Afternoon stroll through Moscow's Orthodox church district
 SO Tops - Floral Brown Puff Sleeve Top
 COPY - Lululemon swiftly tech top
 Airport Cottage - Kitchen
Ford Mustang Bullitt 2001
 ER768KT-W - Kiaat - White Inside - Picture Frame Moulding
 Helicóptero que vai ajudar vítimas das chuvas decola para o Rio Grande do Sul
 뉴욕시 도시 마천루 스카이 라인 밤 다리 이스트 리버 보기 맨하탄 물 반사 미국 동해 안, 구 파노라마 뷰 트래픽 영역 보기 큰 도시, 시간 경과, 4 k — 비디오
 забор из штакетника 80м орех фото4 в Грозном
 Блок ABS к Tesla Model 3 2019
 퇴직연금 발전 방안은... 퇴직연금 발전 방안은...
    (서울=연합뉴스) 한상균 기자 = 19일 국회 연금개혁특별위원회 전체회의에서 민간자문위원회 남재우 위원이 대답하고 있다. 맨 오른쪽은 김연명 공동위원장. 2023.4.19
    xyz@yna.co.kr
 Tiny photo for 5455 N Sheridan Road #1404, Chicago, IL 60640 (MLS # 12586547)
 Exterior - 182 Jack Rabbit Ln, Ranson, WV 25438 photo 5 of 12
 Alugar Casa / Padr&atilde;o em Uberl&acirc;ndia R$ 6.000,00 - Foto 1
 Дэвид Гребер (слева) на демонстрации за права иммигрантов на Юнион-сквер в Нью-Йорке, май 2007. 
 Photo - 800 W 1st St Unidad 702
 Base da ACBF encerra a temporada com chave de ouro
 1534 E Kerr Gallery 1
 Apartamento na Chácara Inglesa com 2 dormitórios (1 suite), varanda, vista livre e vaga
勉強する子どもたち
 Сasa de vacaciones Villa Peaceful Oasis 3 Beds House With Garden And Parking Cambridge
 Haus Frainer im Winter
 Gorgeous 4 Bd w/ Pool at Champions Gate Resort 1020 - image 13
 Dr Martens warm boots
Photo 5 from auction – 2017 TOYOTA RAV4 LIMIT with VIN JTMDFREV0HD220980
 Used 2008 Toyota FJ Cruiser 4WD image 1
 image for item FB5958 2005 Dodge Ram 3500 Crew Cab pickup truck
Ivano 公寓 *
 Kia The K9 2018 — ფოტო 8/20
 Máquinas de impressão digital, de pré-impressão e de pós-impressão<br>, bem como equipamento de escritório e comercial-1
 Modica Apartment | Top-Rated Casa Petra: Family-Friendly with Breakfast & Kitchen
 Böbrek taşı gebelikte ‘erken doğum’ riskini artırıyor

### Activity
Copy back the listing above exactly, but only from the line with "Сasa de vacaciones" through the line with "Kia The K9 2018 — ფოტო 8/20", both ends included.

### Result of this task
 Сasa de vacaciones Villa Peaceful Oasis 3 Beds House With Garden And Parking Cambridge
 Haus Frainer im Winter
 Gorgeous 4 Bd w/ Pool at Champions Gate Resort 1020 - image 13
 Dr Martens warm boots
Photo 5 from auction – 2017 TOYOTA RAV4 LIMIT with VIN JTMDFREV0HD220980
 Used 2008 Toyota FJ Cruiser 4WD image 1
 image for item FB5958 2005 Dodge Ram 3500 Crew Cab pickup truck
Ivano 公寓 *
 Kia The K9 2018 — ფოტო 8/20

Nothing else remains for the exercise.